Supplied records section start

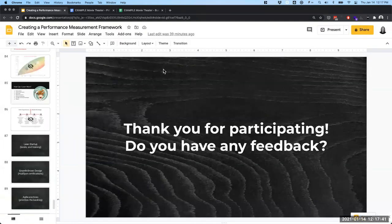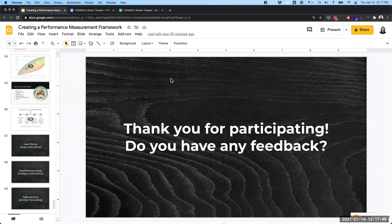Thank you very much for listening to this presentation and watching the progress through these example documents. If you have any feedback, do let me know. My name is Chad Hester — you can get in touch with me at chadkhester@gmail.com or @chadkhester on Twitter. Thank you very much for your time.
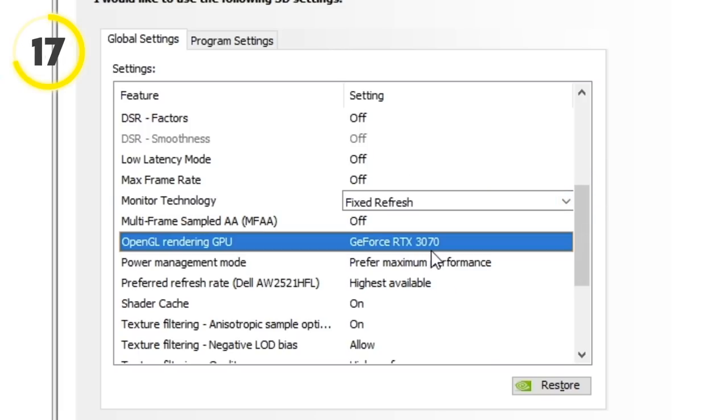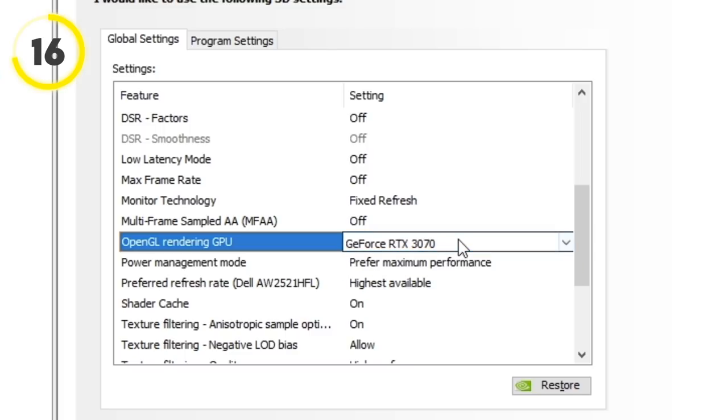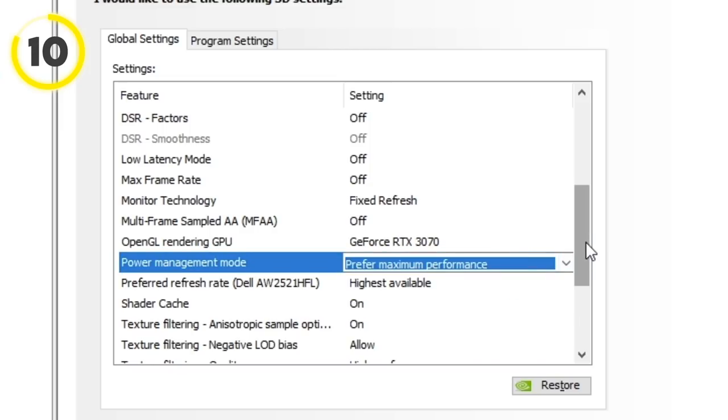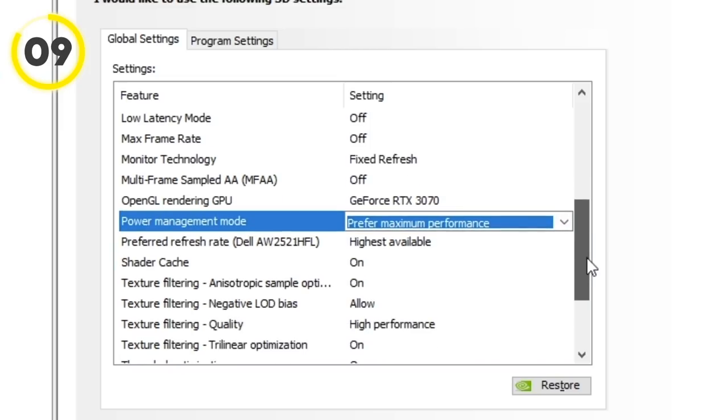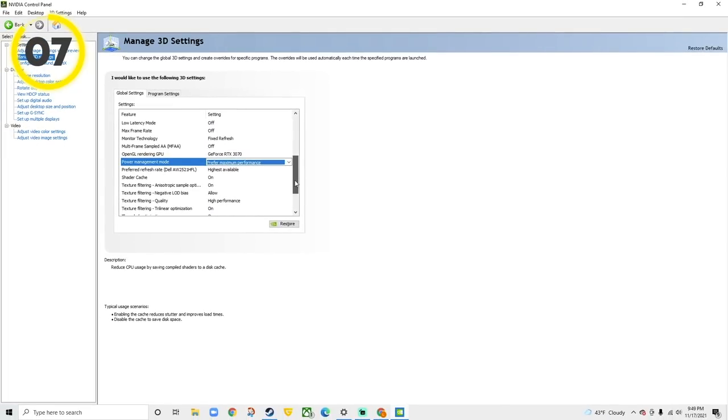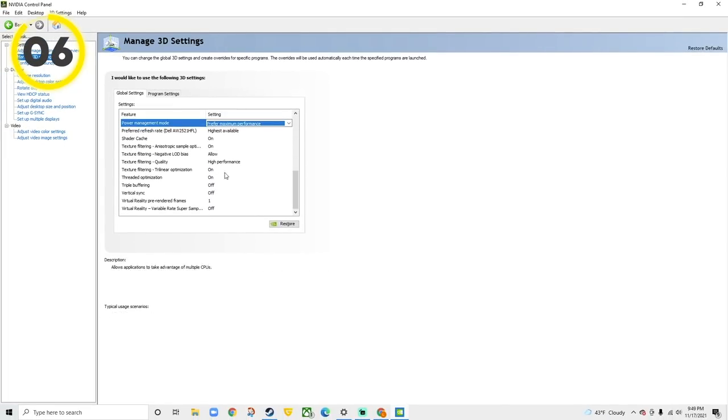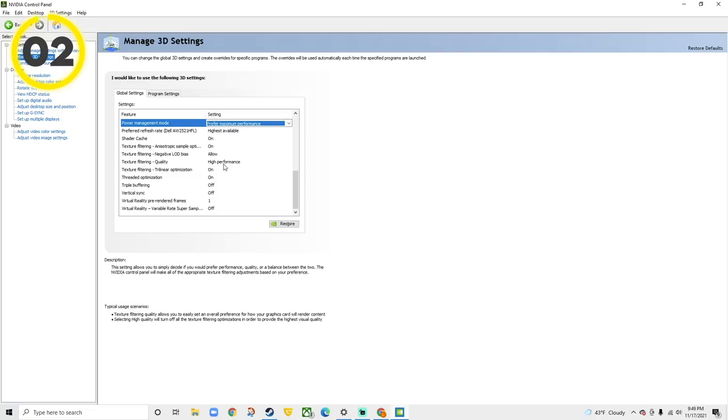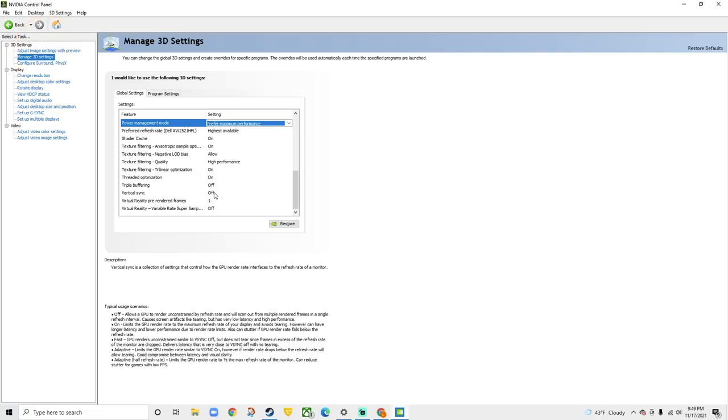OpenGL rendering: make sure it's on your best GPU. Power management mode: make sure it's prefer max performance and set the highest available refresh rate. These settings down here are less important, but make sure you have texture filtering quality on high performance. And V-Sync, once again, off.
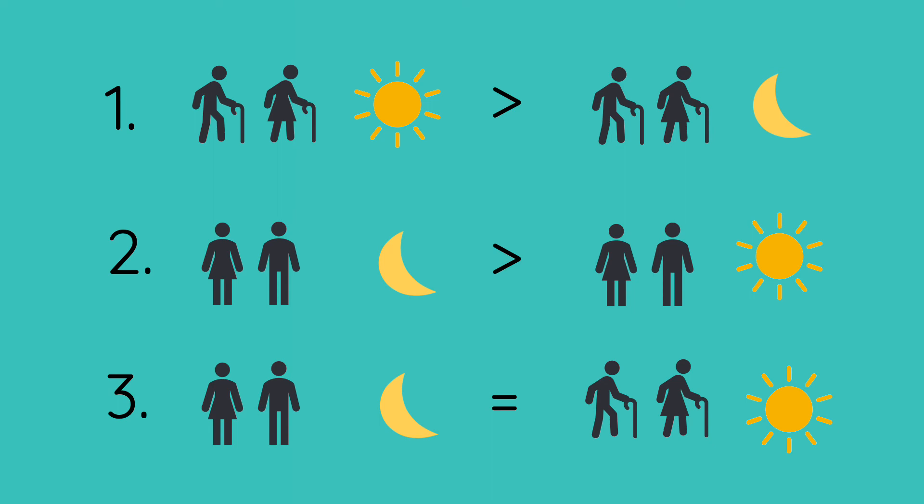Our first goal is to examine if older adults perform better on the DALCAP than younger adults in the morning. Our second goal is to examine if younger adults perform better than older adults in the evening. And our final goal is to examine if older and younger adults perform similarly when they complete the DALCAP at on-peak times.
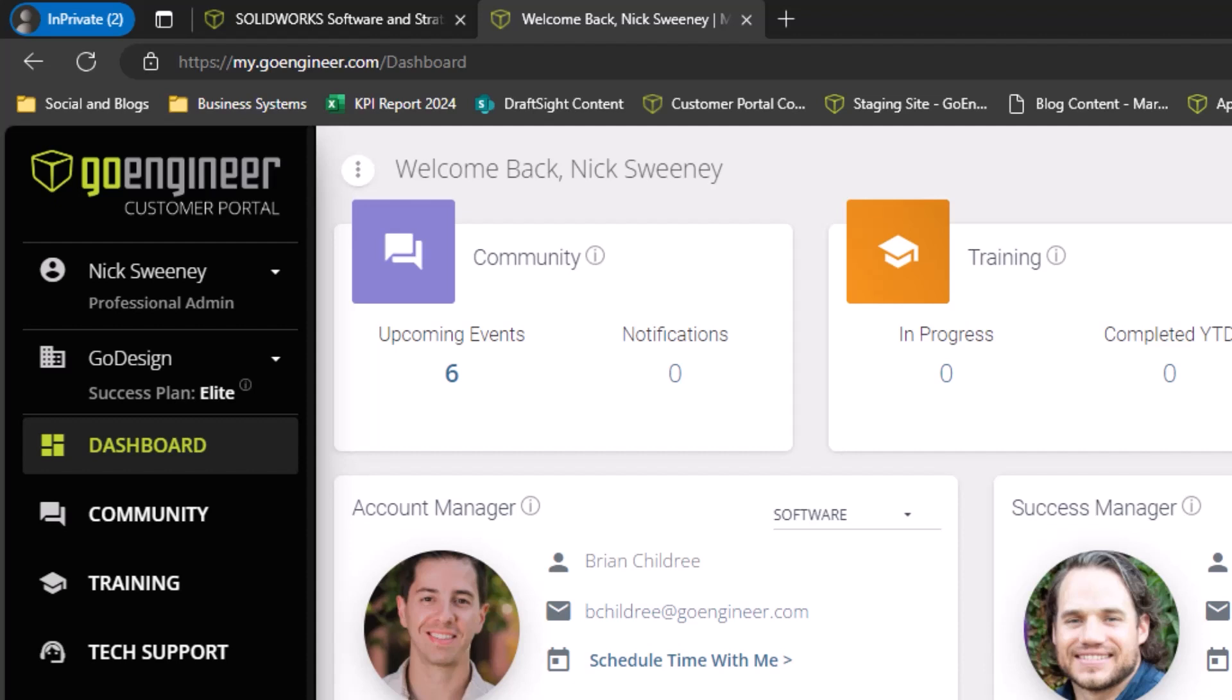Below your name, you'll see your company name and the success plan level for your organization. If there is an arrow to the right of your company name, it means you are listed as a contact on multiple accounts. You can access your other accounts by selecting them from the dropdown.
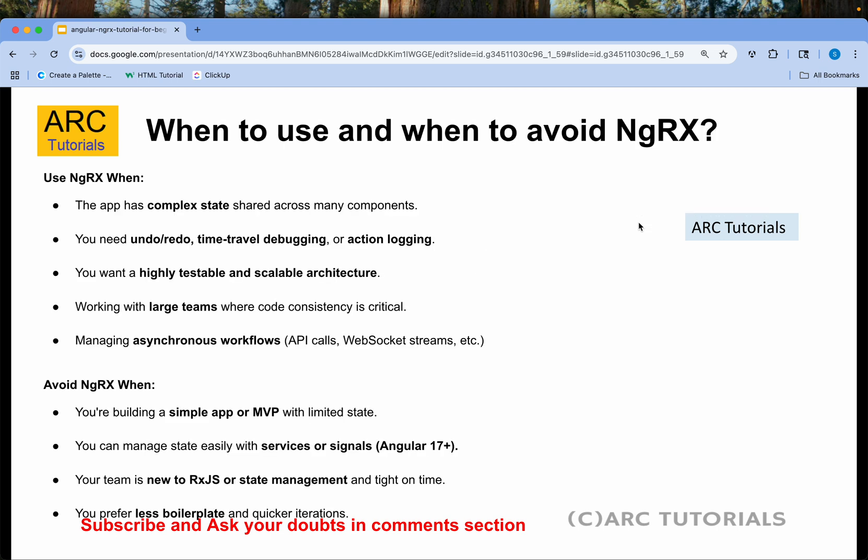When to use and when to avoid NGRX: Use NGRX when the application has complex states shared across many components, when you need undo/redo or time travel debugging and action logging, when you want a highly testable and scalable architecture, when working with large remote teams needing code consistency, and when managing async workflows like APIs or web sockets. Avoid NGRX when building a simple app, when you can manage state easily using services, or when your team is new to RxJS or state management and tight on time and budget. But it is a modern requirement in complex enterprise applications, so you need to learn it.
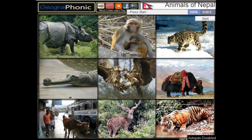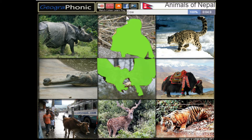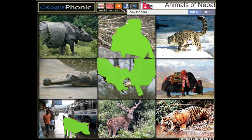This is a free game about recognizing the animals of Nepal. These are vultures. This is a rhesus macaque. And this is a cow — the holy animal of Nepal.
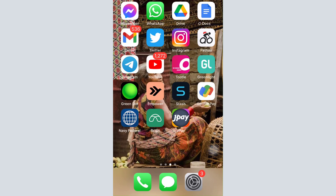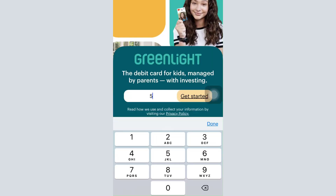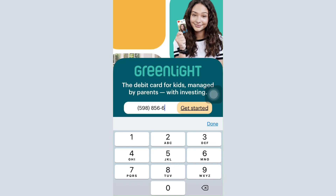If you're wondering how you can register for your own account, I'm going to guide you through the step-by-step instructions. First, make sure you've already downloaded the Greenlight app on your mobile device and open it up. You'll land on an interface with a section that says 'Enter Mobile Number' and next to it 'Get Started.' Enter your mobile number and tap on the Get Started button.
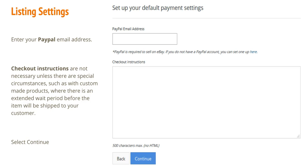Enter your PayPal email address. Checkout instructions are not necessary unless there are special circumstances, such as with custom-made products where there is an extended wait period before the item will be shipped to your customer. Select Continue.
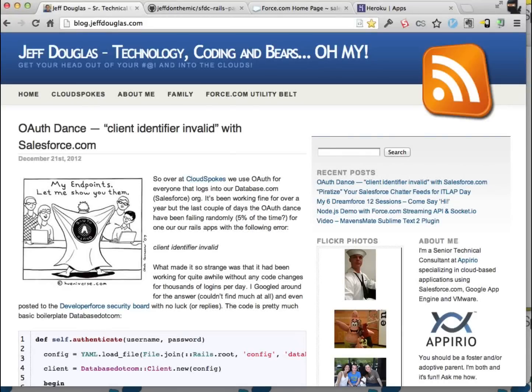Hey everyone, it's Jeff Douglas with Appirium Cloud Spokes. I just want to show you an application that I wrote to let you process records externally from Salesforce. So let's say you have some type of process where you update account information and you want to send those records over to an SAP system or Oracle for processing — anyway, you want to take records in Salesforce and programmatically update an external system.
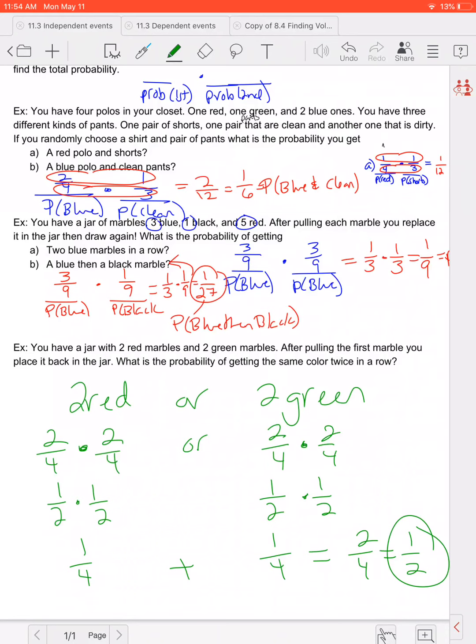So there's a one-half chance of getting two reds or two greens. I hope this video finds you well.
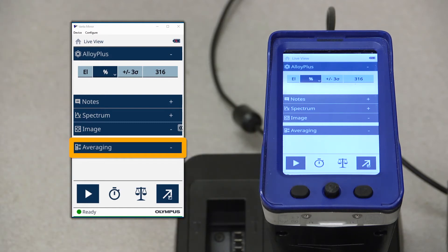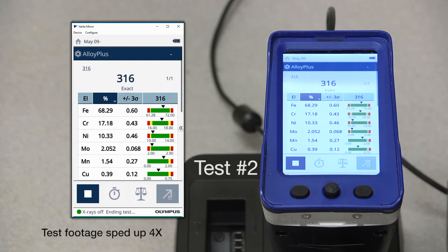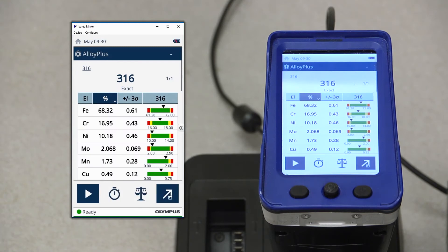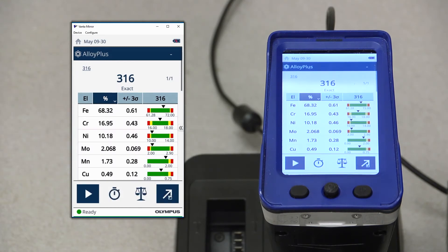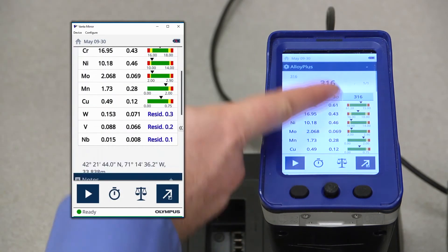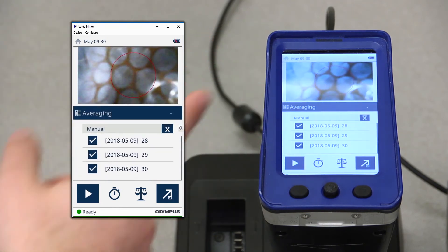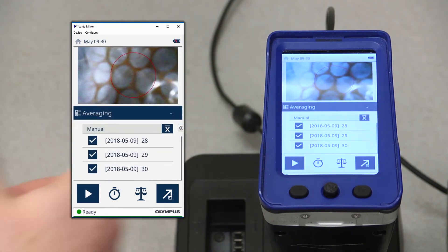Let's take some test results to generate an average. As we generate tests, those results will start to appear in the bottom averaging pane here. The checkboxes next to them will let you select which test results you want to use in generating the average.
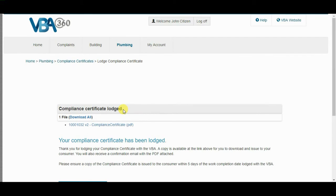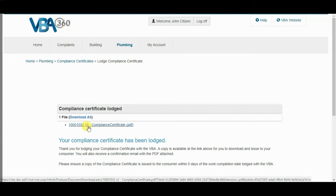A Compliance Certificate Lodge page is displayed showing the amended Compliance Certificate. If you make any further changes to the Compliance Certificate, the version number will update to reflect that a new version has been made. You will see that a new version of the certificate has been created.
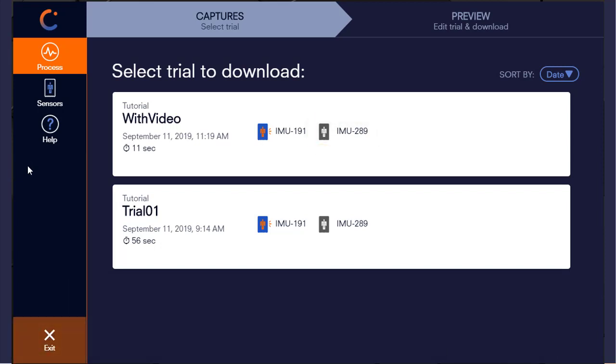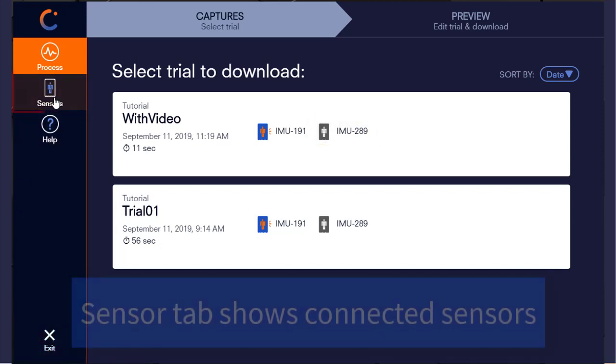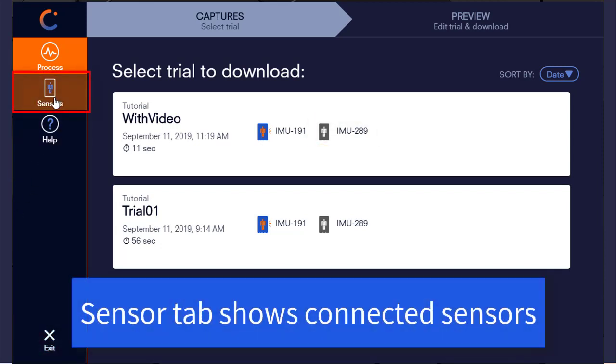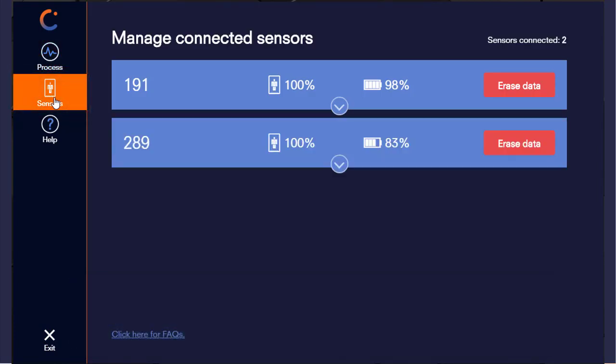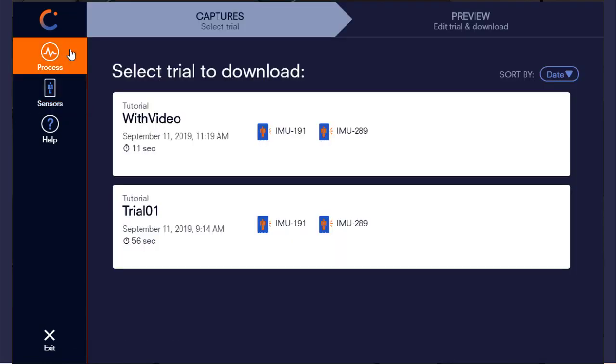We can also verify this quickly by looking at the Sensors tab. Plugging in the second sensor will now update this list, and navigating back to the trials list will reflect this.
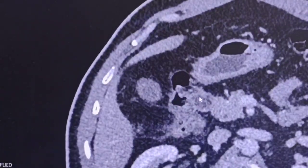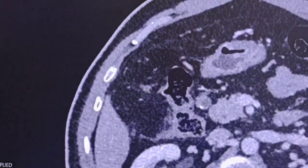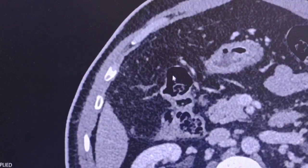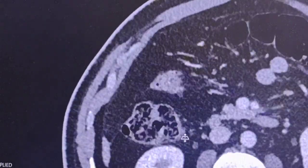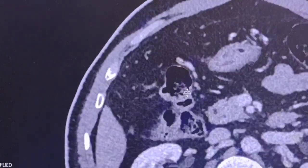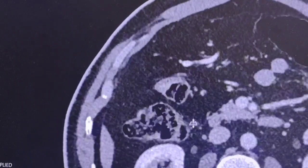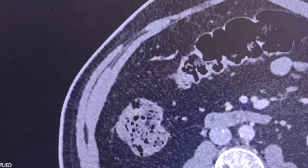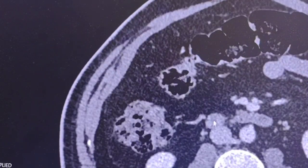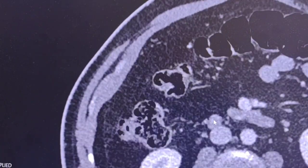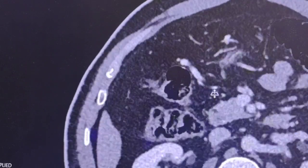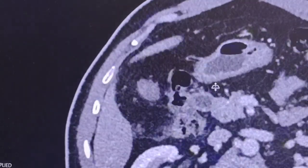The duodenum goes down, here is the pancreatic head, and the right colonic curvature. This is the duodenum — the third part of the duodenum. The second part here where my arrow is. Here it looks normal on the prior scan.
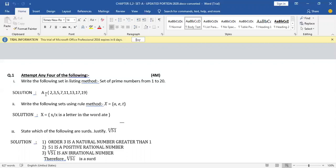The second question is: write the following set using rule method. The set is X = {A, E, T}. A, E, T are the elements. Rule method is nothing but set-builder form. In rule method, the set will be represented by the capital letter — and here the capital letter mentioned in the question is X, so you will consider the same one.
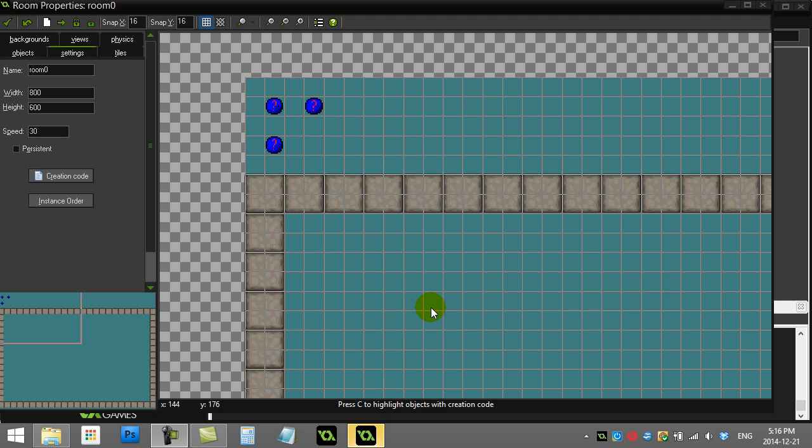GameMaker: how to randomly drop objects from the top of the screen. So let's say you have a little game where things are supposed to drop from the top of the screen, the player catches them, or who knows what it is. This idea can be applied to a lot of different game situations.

Supplied records section end

Return the complete data unchanged and include none of the pictures.

Thank you very much for listening to this presentation and watching the progress through these example documents. If you have any feedback, do let me know. My name is Chad Hester — you can get in touch with me at chadkhester@gmail.com or @chadkhester on Twitter. Thank you very much for your time.
OpenGL rendering: make sure it's on your best GPU. Power management mode: make sure it's prefer max performance and set the highest available refresh rate. These settings down here are less important, but make sure you have texture filtering quality on high performance. And V-Sync, once again, off.
Our first goal is to examine if older adults perform better on the DALCAP than younger adults in the morning. Our second goal is to examine if younger adults perform better than older adults in the evening. And our final goal is to examine if older and younger adults perform similarly when they complete the DALCAP at on-peak times.
Below your name, you'll see your company name and the success plan level for your organization. If there is an arrow to the right of your company name, it means you are listed as a contact on multiple accounts. You can access your other accounts by selecting them from the dropdown.
When to use and when to avoid NGRX: Use NGRX when the application has complex states shared across many components, when you need undo/redo or time travel debugging and action logging, when you want a highly testable and scalable architecture, when working with large remote teams needing code consistency, and when managing async workflows like APIs or web sockets. Avoid NGRX when building a simple app, when you can manage state easily using services, or when your team is new to RxJS or state management and tight on time and budget. But it is a modern requirement in complex enterprise applications, so you need to learn it.
This is a free game about recognizing the animals of Nepal. These are vultures. This is a rhesus macaque. And this is a cow — the holy animal of Nepal.
If you're wondering how you can register for your own account, I'm going to guide you through the step-by-step instructions. First, make sure you've already downloaded the Greenlight app on your mobile device and open it up. You'll land on an interface with a section that says 'Enter Mobile Number' and next to it 'Get Started.' Enter your mobile number and tap on the Get Started button.
Enter your PayPal email address. Checkout instructions are not necessary unless there are special circumstances, such as with custom-made products where there is an extended wait period before the item will be shipped to your customer. Select Continue.
Hey everyone, it's Jeff Douglas with Appirium Cloud Spokes. I just want to show you an application that I wrote to let you process records externally from Salesforce. So let's say you have some type of process where you update account information and you want to send those records over to an SAP system or Oracle for processing — anyway, you want to take records in Salesforce and programmatically update an external system.
So there's a one-half chance of getting two reds or two greens. I hope this video finds you well.
Let's take some test results to generate an average. As we generate tests, those results will start to appear in the bottom averaging pane here. The checkboxes next to them will let you select which test results you want to use in generating the average.
A Compliance Certificate Lodge page is displayed showing the amended Compliance Certificate. If you make any further changes to the Compliance Certificate, the version number will update to reflect that a new version has been made. You will see that a new version of the certificate has been created.
We can also verify this quickly by looking at the Sensors tab. Plugging in the second sensor will now update this list, and navigating back to the trials list will reflect this.
The duodenum goes down, here is the pancreatic head, and the right colonic curvature. This is the duodenum — the third part of the duodenum. The second part here where my arrow is. Here it looks normal on the prior scan.
The second question is: write the following set using rule method. The set is X = {A, E, T}. A, E, T are the elements. Rule method is nothing but set-builder form. In rule method, the set will be represented by the capital letter — and here the capital letter mentioned in the question is X, so you will consider the same one.
GameMaker: how to randomly drop objects from the top of the screen. So let's say you have a little game where things are supposed to drop from the top of the screen, the player catches them, or who knows what it is. This idea can be applied to a lot of different game situations.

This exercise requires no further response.